Innovations in democratic governance
Policy-related citizen involvement outside the electoral process may take various forms
(Barnes, 1999; Smith, 2009). We can map these different forms using two key distinctions.
The first distinction, between individual and collective participation, refers to whether citizens
are approached as individuals and asked for individual opinions or votes, or collectively as a
group. The second distinction, between outcome and process, refers to the focus of citizen
participation. Some types of democratic innovation focus on the outcome and guarantee that
decisions will be taken seriously, whereas others focus on the process itself. In the latter type,
opinion formation is more important; there is no guarantee that decisions will be taken
seriously. Combining these two distinctions, four types of democratic innovation can be
distinguished: referendums, participatory policy making, deliberative surveys, and
deliberative forums (see table 1).
Table 1 about here
Referendums give individual people a direct vote in political decisions. Referendums
may be binding or non-binding (the consultative referendum). In deliberative surveys or
deliberative polls, just as in referendums, individual opinions are asked about a particular
issue. But unlike referendums, there is no direct relation with decision making. A random,
representative sample of the population is first questioned on a particular issue. Members of
the sample are then invited to gather to discuss the issue at stake. After the deliberations,
during which people have had the time and the opportunity to become more informed and
more engaged by the issue, the sample is again asked the original questions in order to see if
opinions have changed (see e.g. Fishkin,
In contrast to both referendums and deliberative surveys, participatory policy making
and deliberative forums approach citizens more as a group and less as individuals.

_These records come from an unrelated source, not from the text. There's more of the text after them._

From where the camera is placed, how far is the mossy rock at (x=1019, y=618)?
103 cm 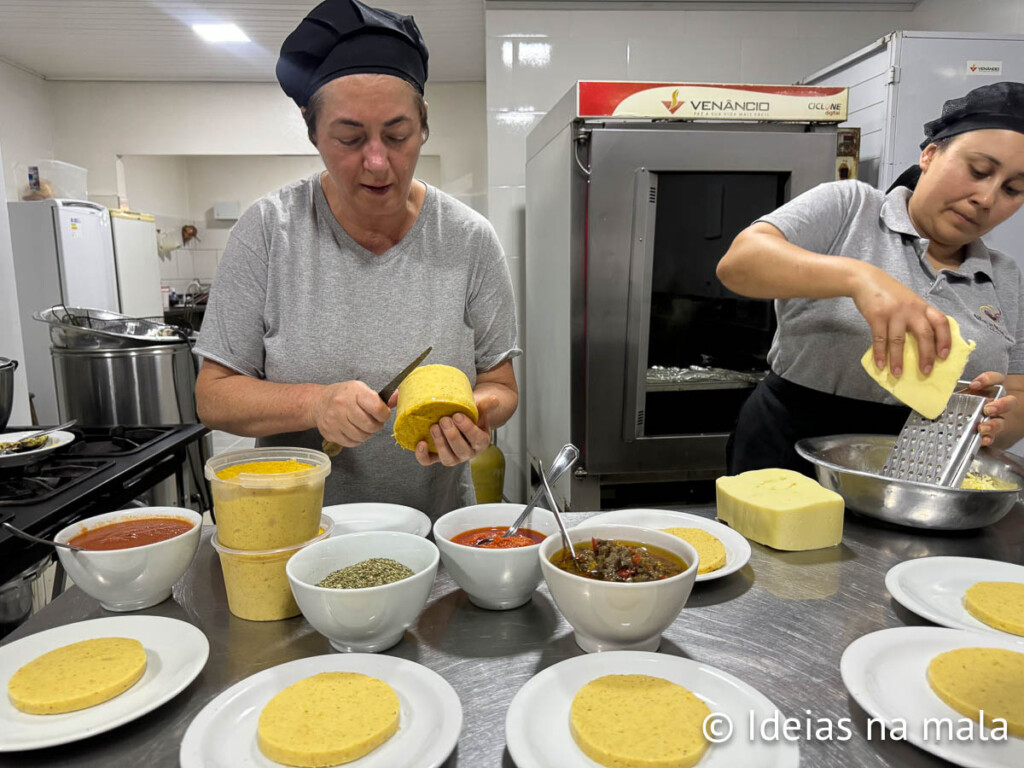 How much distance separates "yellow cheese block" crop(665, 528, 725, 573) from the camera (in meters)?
1.05

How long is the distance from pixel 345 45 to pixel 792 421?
1.36 m

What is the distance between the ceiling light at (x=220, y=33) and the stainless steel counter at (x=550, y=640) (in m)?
4.45

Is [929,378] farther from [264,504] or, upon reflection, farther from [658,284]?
[658,284]

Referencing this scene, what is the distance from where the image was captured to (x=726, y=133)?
250 cm

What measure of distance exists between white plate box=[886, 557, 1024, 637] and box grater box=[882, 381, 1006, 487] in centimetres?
19

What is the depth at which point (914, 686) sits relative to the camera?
2.50ft

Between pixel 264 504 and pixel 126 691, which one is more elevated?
pixel 264 504

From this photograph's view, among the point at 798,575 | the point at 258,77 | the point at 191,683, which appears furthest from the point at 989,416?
the point at 258,77

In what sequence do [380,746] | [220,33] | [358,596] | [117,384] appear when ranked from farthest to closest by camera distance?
[220,33] → [117,384] → [358,596] → [380,746]

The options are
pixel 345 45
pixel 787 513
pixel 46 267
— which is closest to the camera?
pixel 787 513

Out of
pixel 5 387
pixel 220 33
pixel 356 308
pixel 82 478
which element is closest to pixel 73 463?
pixel 82 478

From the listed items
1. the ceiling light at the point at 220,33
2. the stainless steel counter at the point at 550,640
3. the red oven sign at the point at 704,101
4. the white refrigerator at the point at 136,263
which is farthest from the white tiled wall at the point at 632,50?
the white refrigerator at the point at 136,263

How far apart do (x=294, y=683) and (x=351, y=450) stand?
2.75 ft

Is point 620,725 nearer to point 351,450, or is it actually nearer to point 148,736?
point 148,736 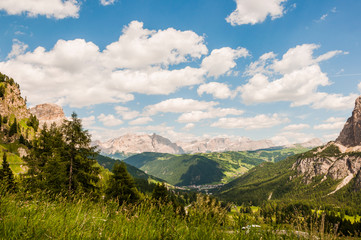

Characteristic to participatory policy making, or interactive governance, is that there is a clear
relation with decision making in the sense that citizens and stakeholders are being asked to
advise government. The main aim is to hear opinions or to involve people in policy making
before taking decisions. Usually, a large group of people is involved. In contrast to
participatory policy making, deliberative forums are designed with the aim of being
deliberative, which means that the focus is on following the ideal deliberative procedures;
opinion formation and the exchange of arguments are more important than decision making.
Usually, only a small group of people takes part and tries to reach consensus in a deliberative
The distinction between the different types of democratic innovation forms the starting
point for analyzing the effects of participation. This study is first of all an empirical test of
normative theories that assume that participation matters to democracy. It is also an
explorative study, which tries to assess the effects of each of the various types of participation
on democracy, without specifying hypotheses beforehand. However, if we look at the design
and focus of participation (outcome versus opinion formation), we may expect to find a strong
influence on policy making for those democratic innovations that are aimed at decision
making (referendums and participatory policy making), and a greater emphasis on
deliberation for the deliberative forms.
In order to assess the effects of participation for each of the four forms, I collected
cases from various advanced democracies. I started my research by performing a scan of
relevant publications and websites published between the beginning of 2000 and the end of
2009. The selection also included initiatives that were completed in the 1990s, but on which
only after 1999 was reported. I used key words such as citizen participation, public
participation, citizen governance, referendums, and deliberation. I extended the number of
cases by performing keyword searches in other languages, by following up on references in
articles and reports, and by talking to experts in this field. It should be noted that, although
there are many studies on participation, most studies furnished information on only a few
democratic effects. After the initial selection of cases, I then selected those cases that included
information on at least two effects on democracy.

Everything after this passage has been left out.